Support for double byte character set release notes (preview)

Microsoft 365 Information Protection now supports in preview double byte character set languages for:

  • Chinese (simplified)
  • Chinese (traditional)
  • Korean
  • Japanese

This support is available for sensitive information types and keyword dictionaries and will be reflected in data loss prevention, communications compliance, Exchange Online, SharePoint Online, OneDrive for Business, and Teams solutions.

Known issues

  • When a text file attached to an email is in UTF-8 format without byte order mark (BOM), the email is not detected by the Communication Compliance policy.

  • Communication Compliance policies cannot detect values if a sentence is entered for the policy condition: “Message contains any of these words”. If the text specified in the policy is written as a word, it can be detected; however, if it is written in the middle of a sentence, it will not be detected.

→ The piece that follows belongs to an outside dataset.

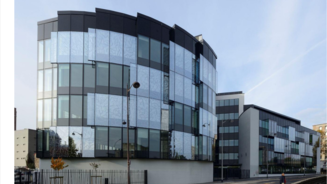 Immobilier d'Entreprise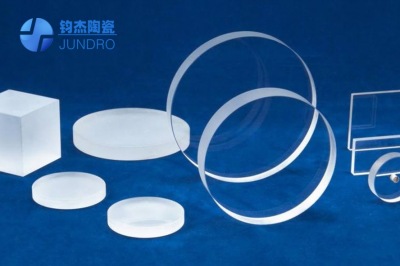 藍寶石在航天航空的應用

  • Communication Compliance policies that specify dictionaries as type information do not detect Teams private chats and channel chats.

  • The following conditions are not supported for Communication Compliance at this stage (we plan to fix these issues in the future):

    • “Message contains any of these words”
    • “Message contains none of these words”
    • “Attachment contains any of these words”
    • “Attachment contains any of these words”

Instead we recommend creating a custom Sensitive Information Type (SIT) with keyword dictionary which will detect patterns across messages and attachments, and using this custom SIT as a Communication Compliance policy condition.